*YOUR TASK*. The answer should match the entries that follow exactly, except that no image appears in it.

*DATASET RECORDS*.
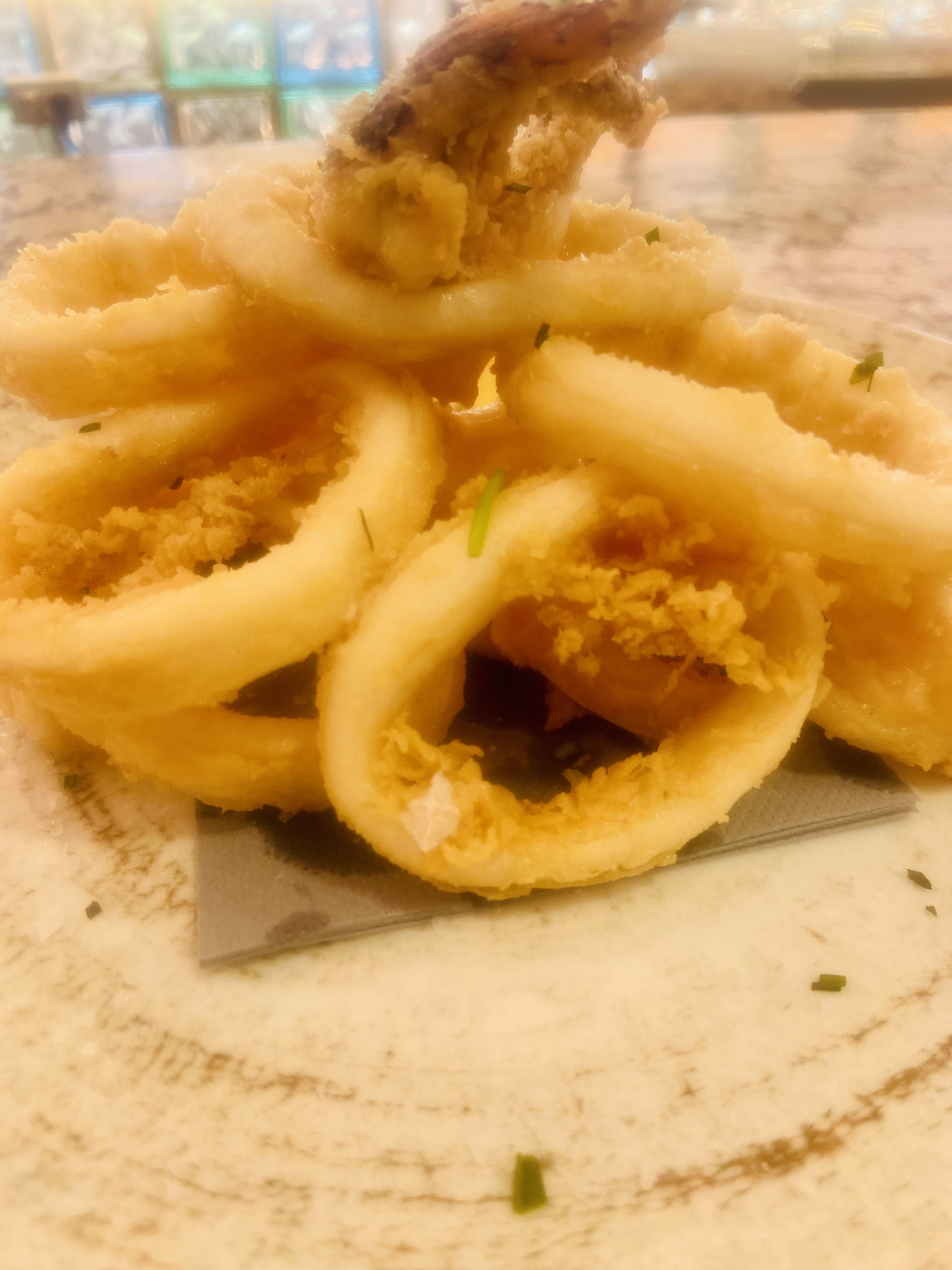  CALAMAR SAHARIANO A LA ANDALUZA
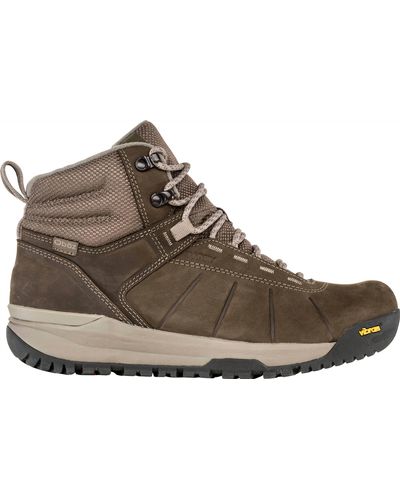 Obōz Men's Andesite Mid Boot - Brown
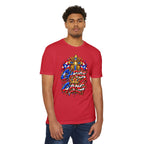 Puerto Rican Flag Styled Christ Gang Tee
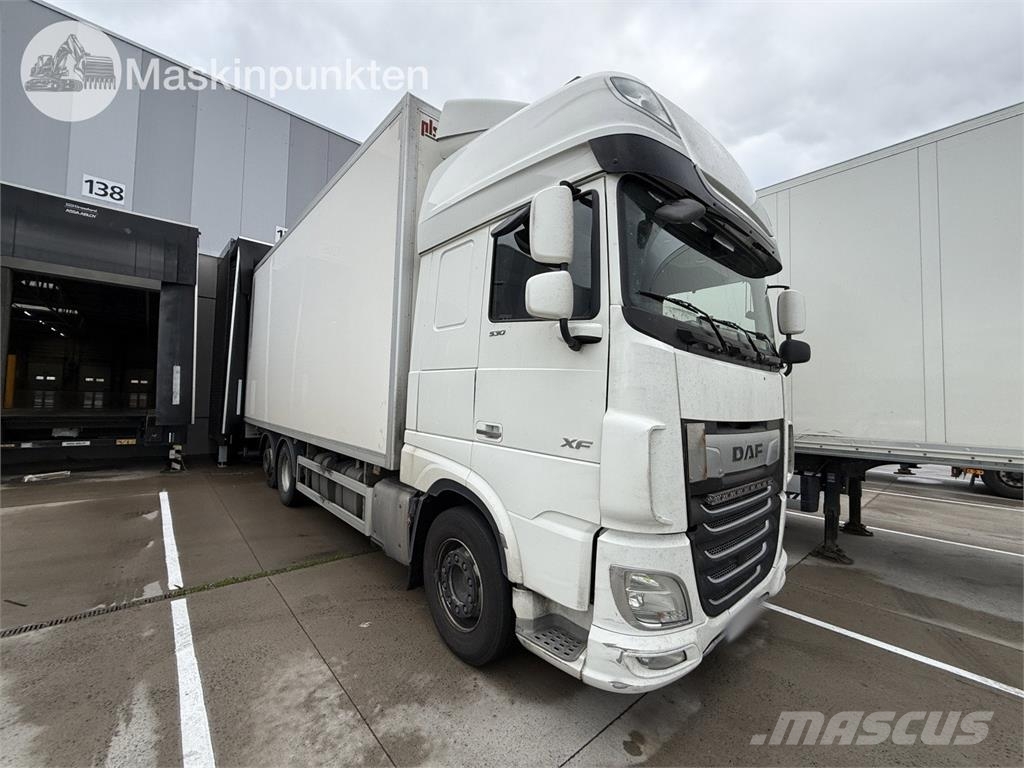 DAF FAN XF530Z Sanduk kamioni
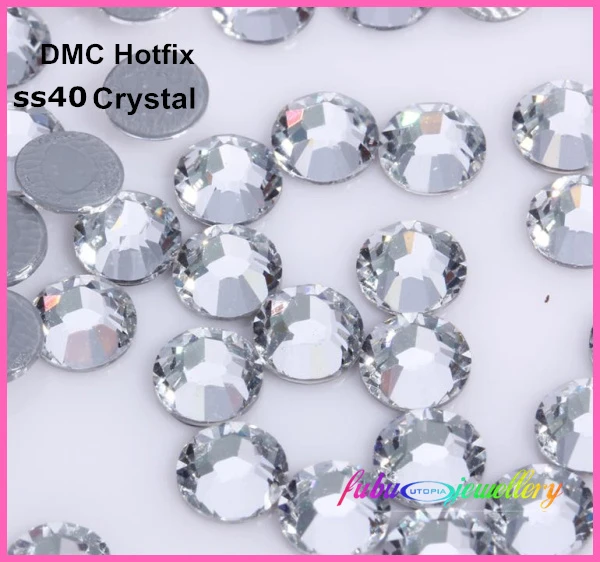 CORNER COLLAR TRIM CLEAR CRYSTAL RHINESTONE IRON ON APPLIQUE HOT FIX TRANSFER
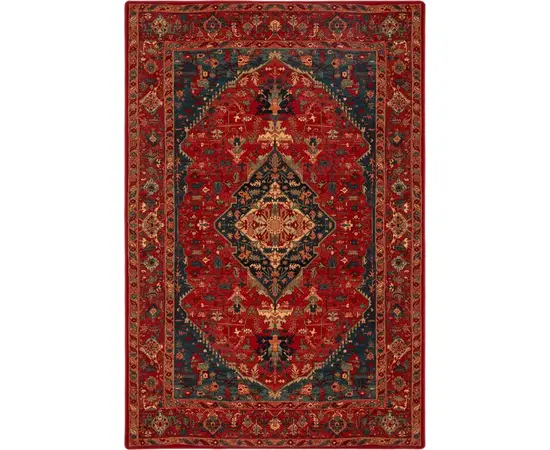 ხალიჩა Dywilan  SUPERIOR KASIM RUBIN 2456 cC1 200x300 100% WOOL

*RESPONSE*.
  CALAMAR SAHARIANO A LA ANDALUZA
 Obōz Men's Andesite Mid Boot - Brown
 Puerto Rican Flag Styled Christ Gang Tee
 DAF FAN XF530Z Sanduk kamioni
 CORNER COLLAR TRIM CLEAR CRYSTAL RHINESTONE IRON ON APPLIQUE HOT FIX TRANSFER
 ხალიჩა Dywilan  SUPERIOR KASIM RUBIN 2456 cC1 200x300 100% WOOL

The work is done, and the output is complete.